» **WHAT YOU HAVE TO DO**:
Reproduce the data below exactly as written. Pictures do not belong in the copy.
• • • • •
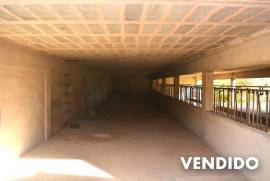 ¡Proyecto a la vista! Finca mallorquina con gran terreno y vistas panorámicas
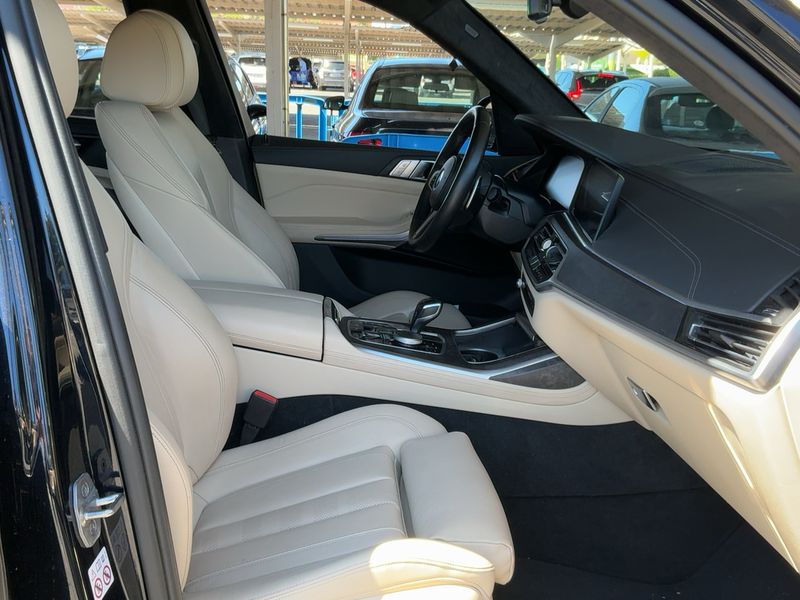 BMW X7 xDrive 40d Mild-Hybrid M Sport 2020 – снимка 16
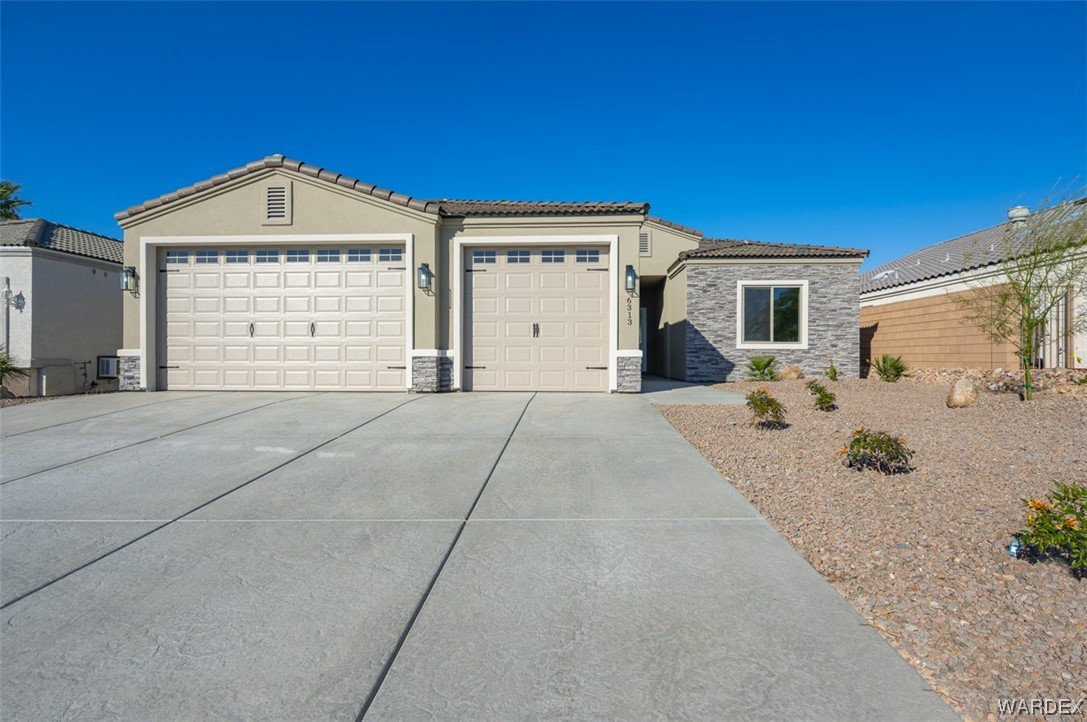 6313 S Vista Laguna Drive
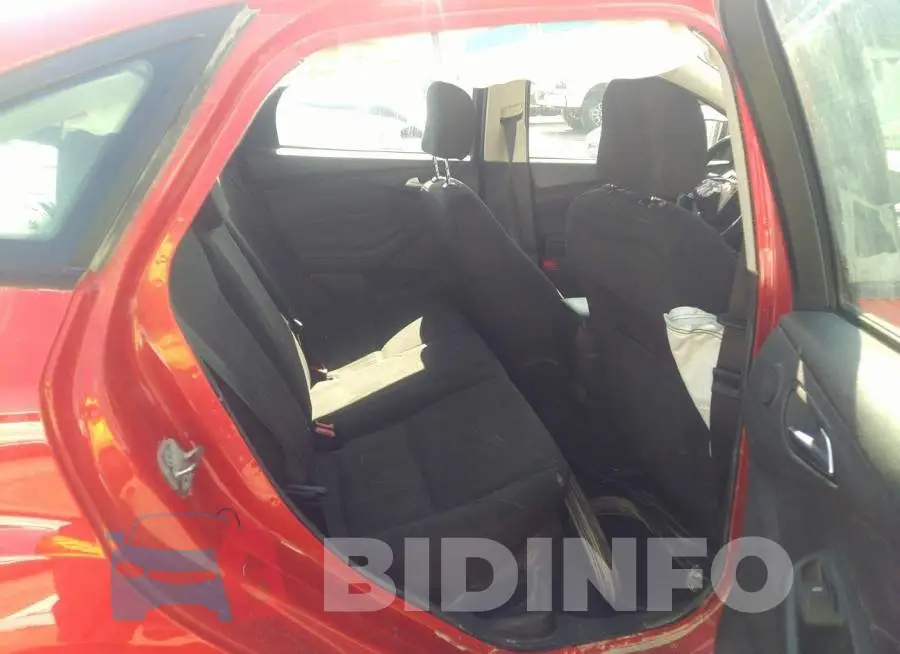 1FADP3H26HL328706 Photo# 8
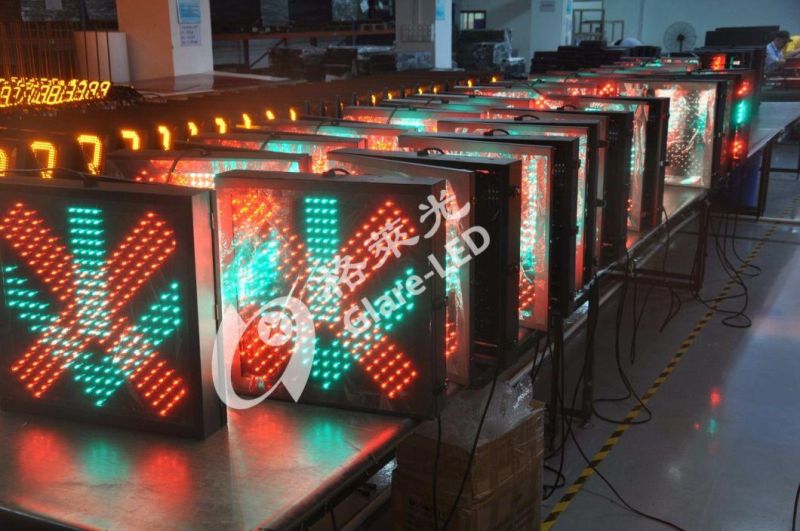 LED Sign Lane Control Traffic LED Sign Customized Size LED Traffic Arrow Sign Lane Control Sign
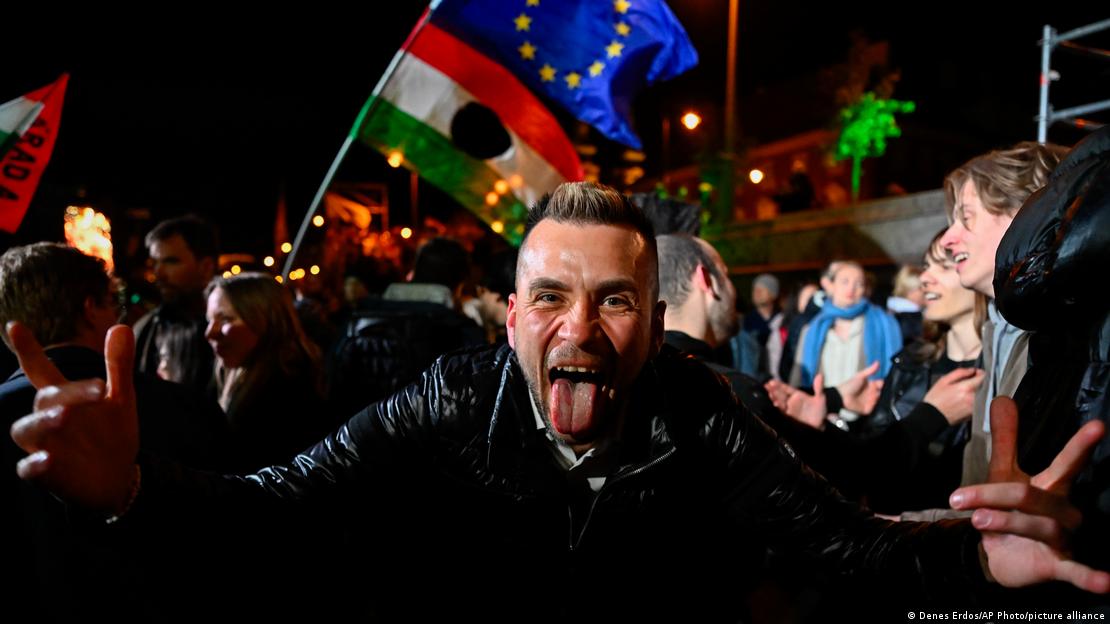 Mann feiert nach Bekanntgabe der Teilergebnisse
• • • • •
» **RESPONSE FOR THIS EXERCISE**:
 ¡Proyecto a la vista! Finca mallorquina con gran terreno y vistas panorámicas
 BMW X7 xDrive 40d Mild-Hybrid M Sport 2020 – снимка 16
 6313 S Vista Laguna Drive
 1FADP3H26HL328706 Photo# 8
 LED Sign Lane Control Traffic LED Sign Customized Size LED Traffic Arrow Sign Lane Control Sign
 Mann feiert nach Bekanntgabe der Teilergebnisse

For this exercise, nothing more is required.